Depending on the ideological prism applied, the Bilderberg club may be considered an ultra-VIP international lobby of the power elite of Europe and America, capable of steering international policy from behind closed doors; a harmless "discussion group" of politicians, academics and business tycoons; or a capitalist secret society operating entirely through self interest and plotting world domination.
The Bilderberg club is regarded by many financial and business elites as the high chamber of the high priests of capitalism. You can't apply for membership of such a club. Each year, a mysterious "steering committee" devises a selected invitation list with a maximum 100 names.
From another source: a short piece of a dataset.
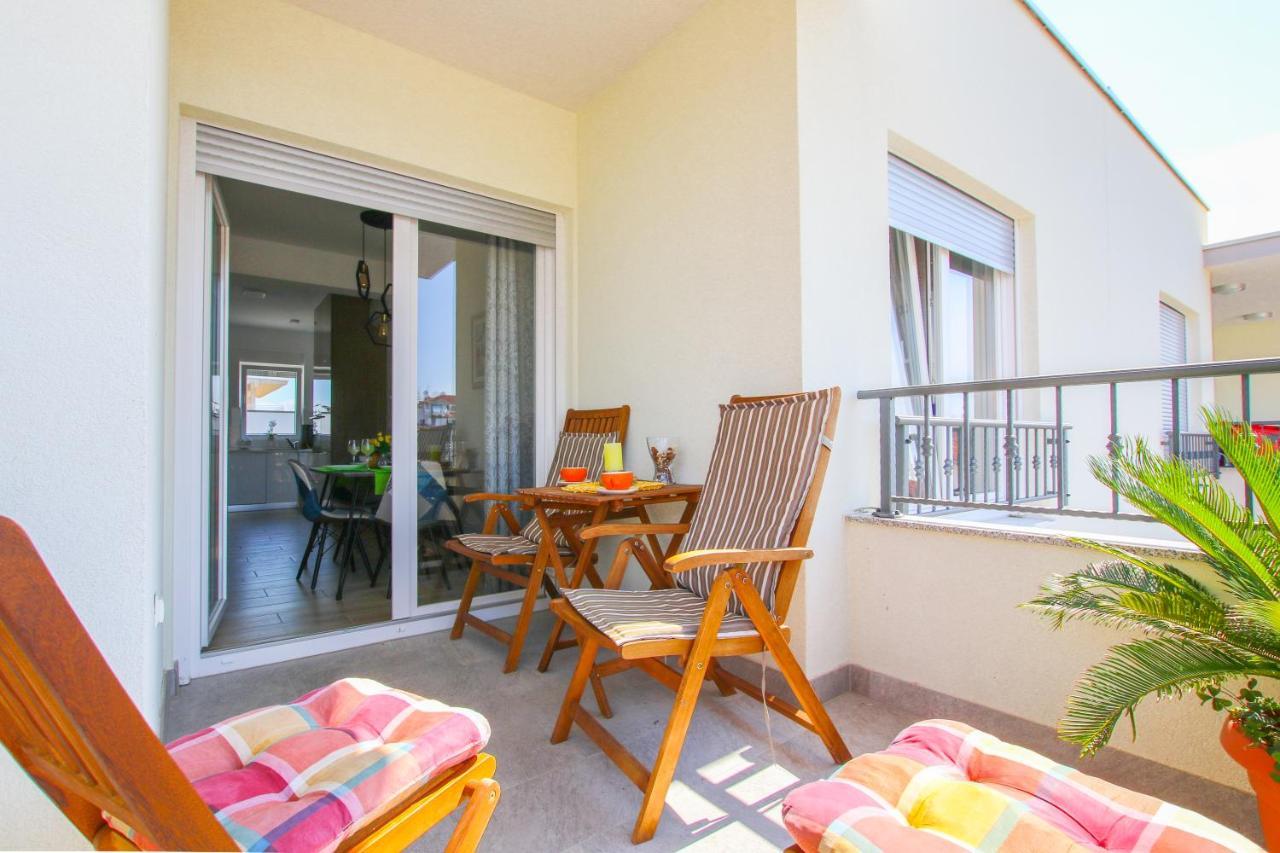 Apartman Gaby Trogir Zewnętrze zdjęcie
The location of their annual meeting is not exactly secret: they even have a headquarters in Leiden, in the Netherlands. But the meetings are shrouded in the utmost secrecy. Participants and guests rarely reveal that they are attending. Their security is managed by military intelligence. But what is the secretive group really up to? Well, they talk. They lobby. They try to magnify their already immense political clout, on both sides of the Atlantic. And everybody pledges absolute secrecy on what has been discussed.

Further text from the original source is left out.